Training or running a hyperparameter optimization for your model takes much computational power that you might not have on your local machine. Luckily you can run your experiments on remote computers!

Here are some useful tools and hints for running on remote machines:

tmux

To be able to run multiple experiments in parallel or to close your connection and not terminate your processes, tmux is very useful.

You can create a session with tmux. To detach from a tmux session, press Ctrl + B and then D immediately afterwards. To reattach, run tmux attach -t SESSION_INDEX (SESSION_INDEX is 0 if you have only one tmux session). List your tmux sessions with tmux ls. Kill a tmux session with tmux kill-session -t SESSION_INDEX. To scroll inside a tmux session, press Ctrl + B PageUp (or PageDown for the other direction), Ctrl + C to leave the scroll mode.

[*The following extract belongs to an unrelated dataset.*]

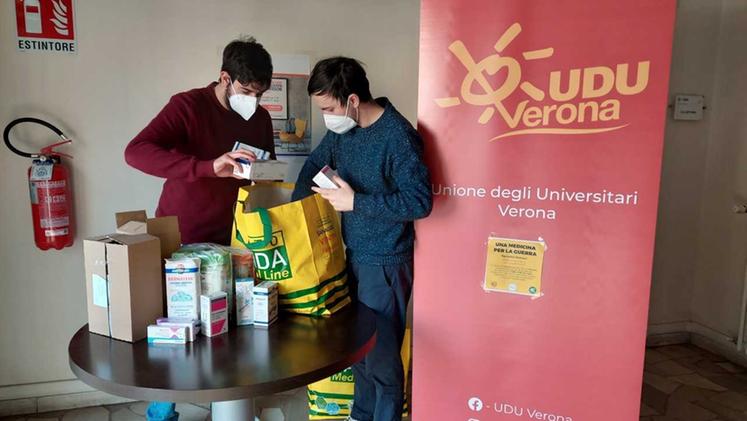 Raccolta di medicinali  e materiali sanitari da parte degli universitari di Verona (foto Perina)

In your tmux session, activate your venv with

conda activate scilabrl
source ./set_paths.sh

Choosing a GPU

You can select the GPU you want to train on with e.g. export CUDA_VISIBLE_DEVICES=0 in your venv.

Mounting storage

You can mount the server storage to your PC with

mkdir /storage/remote_pc (creates a folder to mount to)

chmod 777 /storage/remote_pc (sets the permissions for this folder)

sshfs USERNAME@remote_server.de:/data/USERNAME /storage/remote_pc (mounts the storage so you can access it from your local PC through the Files UI.) If you’re not mounting for the first time, this is the only command you have to run.

Other

See all your processes with ps -ef | grep USERNAME

Kill all your processes with pkill -u USERNAME